2023年03月26日 基督聖協団目黒教会 牧師 横山さおり
「神の知識、神の義」 ローマ9:6~13
パウロはユダヤ人の救いを祈る。(エゼキエル22:30)「この地を滅ぼすことがないように、わたしは、この地のために、わたしの前で石垣を築き、破れ口に立つ者を彼らの間に探し求めたが、見つからなかった。」。パウロはこの破れ口に立ち、心をそそぎ出してとりなした。今も神は、私たちの国から正義とあわれみが失われず、滅びないように、また人々が救われるようにとりなす者を探しておられる。パウロはイスラエルが神に対して熱心であることを認める。パウロ自身も以前は熱心なユダヤ教徒だった。そして、ユダヤ人の血筋の誇りも、律法に対する熱心も、キリストに出会ったことにより全てが損失であると考えるに至った。パウロの考えが180度変わったのは、イスラエルが持つ神に対する熱心が、知識に基づくものではないため、誤っていることに気がついたからだ。聖書における「知識」ということばは、おもに神に関する人間の知識を指す。パウロは信徒を迫害しようと息巻いてダマスコへいく途中、「サウロ、サウロ、なぜわたしを迫害するのか。」という復活のイエスの御声を聞いた。パウロは真の救い主を体験的に知った。神は聖書を通してご自身を啓示される。もし、人が神を人格的に知ることが出来ないのならキリスト教は今に至るまで存在しなかった。イエスは生涯を通して神を説き明かされた。イエスは、罪を犯さずにはいられない自分の弱さを認める心の貧しい者を導かれた。神のあわれみの深さと愛と正しさを人々にしめされた。律法を守ることによって、自分を義人とすることは神の知識に基づくことではない。律法を守り自分を義とするイスラエルに対し、イエスは山上の説教で教えた。(詳訳聖書マタイ5:3)「霊において貧しい者[自分をつまらない者と評価する謙遜な人]は祝福されている。[幸福である、うらやましい状態にある、霊的に栄えている。なぜなら、天の国はその人たちのものだからである。」このおことばから説教は始まる。この説教で、イエスは、心の中に沸き起こる怒り、憎しみ、情欲、名誉欲、許さないこと、金銭に貪欲であることも神に審かれる対象であることを教える。自身を犠牲にしてもあわれみ深くあることを教え、人を審くことを禁じる。モーセの律法よりもはるかにハードルが高い教えを神の御心としてイスラエルの人々に提示された。

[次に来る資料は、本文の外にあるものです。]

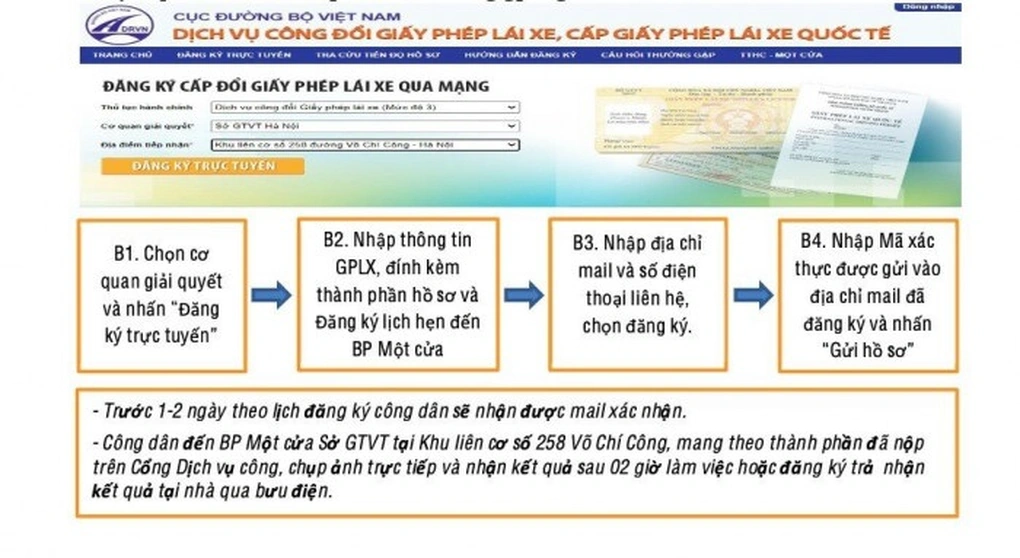 Sở GTVT Hà Nội hướng dẫn đổi giấy phép lái xe trực tuyến - 3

律法は人の罪深さを教える教育係だ。もし、人が欲望のままに放縦に生きていたら何が罪なのかわからない。罪がわからなければ神の愛も、罪人を義としてくださる神の深いあわれみも決して知り得ない。神とともに生きようとする敬虔なものだけが神を知る知識を得、神によって与えられる義に心休めることができる。山上の説教の締めくくりに、イエスは、家を建てた賢い人と愚かな人のたとえを用いられた。イエスのことばを聞いて、それを行う者は、自分の弱さ、醜さを認めて神にすがり従いゆく。心の貧しい者は幸いだ。その人のありのままを受け止めて深くあわれみ、赦し、愛して「生きよ」と力づけてくださるイエスという強固な岩がその人を支える。ゆえに、どのような試練にも、悪魔の攻撃にも倒れることはない。